On the plane back from Madrid, I realized that these estimators are actually just the normal xi+ and xi- for the cross correlation between the halo ellipticities and the sources, where the halo ellipticity is normalized to have |g| = 1 (i.e., it is just the phase g1 + i g2 = exp(i phi)).

I made a unit test to confirm this, which is now in the code here (on master, but it works with the current v3.2.1 release -- no extra source code required).

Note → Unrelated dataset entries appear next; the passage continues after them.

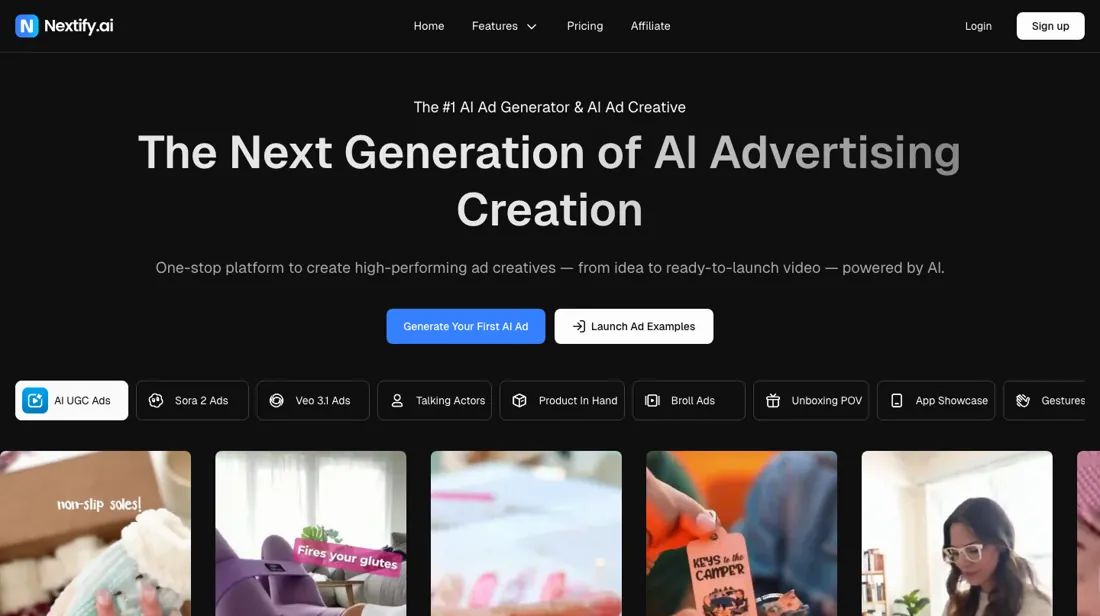 Nextify.ai product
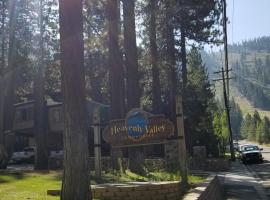 Heavenly Valley Townhouses, viešbutis Pietų Tahou ežere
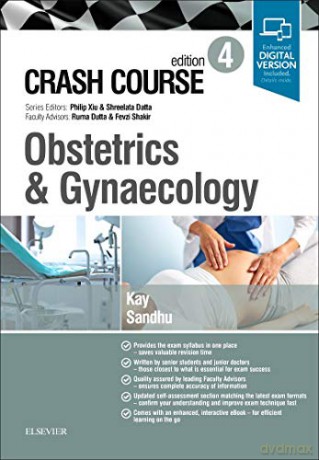 Crash Course Obstetrics and Gynaecology, 4e - Sophie Kay [KSIĄŻKA]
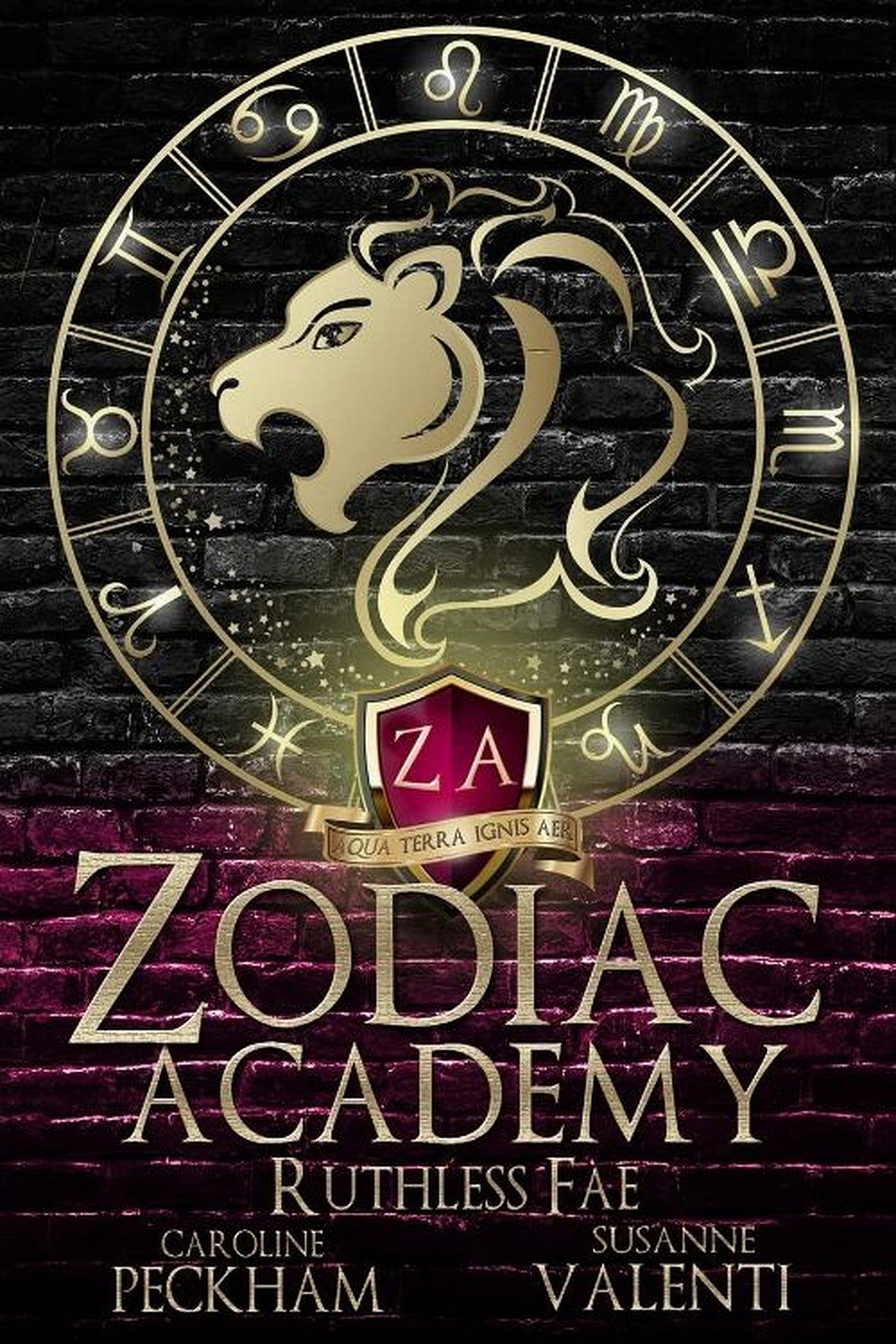 Zodiac Academy 2: Ruthless Fae by Caroline Peckham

The basic code flow is along the lines of the following:

lens_absg = numpy.sqrt(lens_g1**2 + lens_g2**2)
lens_cat = treecorr.Catalog(ra=lens_ra, dec=lens_dec, g1=lens_g1/lens_absg, g2=lens_g2/lens_absg)
source_cat = treecorr.Catalog(ra=source_ra, dec=source_dec, g1=source_g1, g2=source_g2, w=source_w)
gg = treecorr.GGCorrelation(min_sep=1, max_sep=30, bin_size=0.1)
gg.process(lens_cat, source_cat)
gamma_4theta = gg.xim
gamma_const = gg.xip
gamma_4theta_x = gg.xim_im
gamma_const_x = gg.xip_im

The test I linked to doesn't actually use weights, but those are already implemented. And it uses x,y, just because it is easier to construct the test in Euclidean coordinates. But ra, dec would normally be used on real data.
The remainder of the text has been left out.